After a few moments, a length of soft material brushed his face. He pulled it down and measured it with his hands. As he had hoped, it was a single piece of silk, more than long enough. When he had secured the sides of the platform with the sash, he climbed up and, head bowed beneath the ceiling, scraped his fingers across it until he found the opening. He put his head inside and stood up straight. The shaft ended just below his shoulders.
He slid his fingers over the walls of the shaft until they encountered some broken brickwork, hooked his fingers into the gaps, then hoisted himself up. He swung his legs up, wedging them against the opposite wall. Back braced against one side, feet against the other, he worked his way up the shaft crabwise. He was sweating profusely and his fingers started to slip. He tried not to think about falling.
Elif’s hands touched his shoulders. “Almost there. Here’s the ledge. Can you follow my hand?”
Kamil pulled himself onto the ledge. He lay there for a moment, waiting for the spasms in his muscles to lessen.
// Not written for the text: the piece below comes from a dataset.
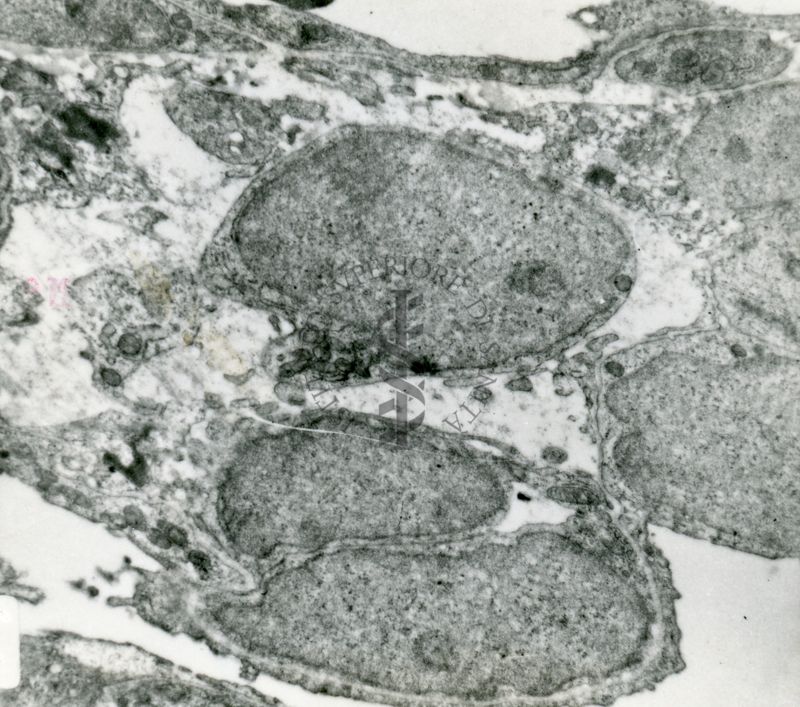 Sezione di tessuto che mostra cellule con nuclei ben conservati e citoplasma alterato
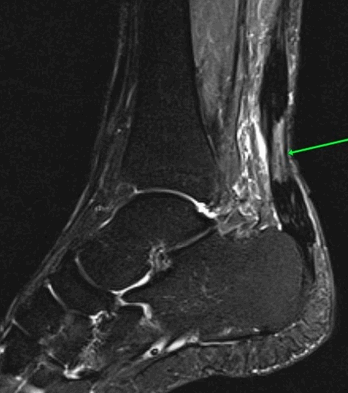 Расшифровка и как выглядят переломы на снимке МРТ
The skin on his back was shredded and throbbed with pain. He sat up.
“Watch your head,” Elif warned. “It’s high enough to walk, but only if you crouch.”
In the cramped space, he felt Elif’s hand brush against his naked leg and then the Proof of God. He heard her small cry of surprise, followed by soft laughter.
“What’s so funny, Elif Hanoum?” Avi’s voice came from the darkness ahead.
“You’ll see later, Avi. Why don’t you show us the way out?”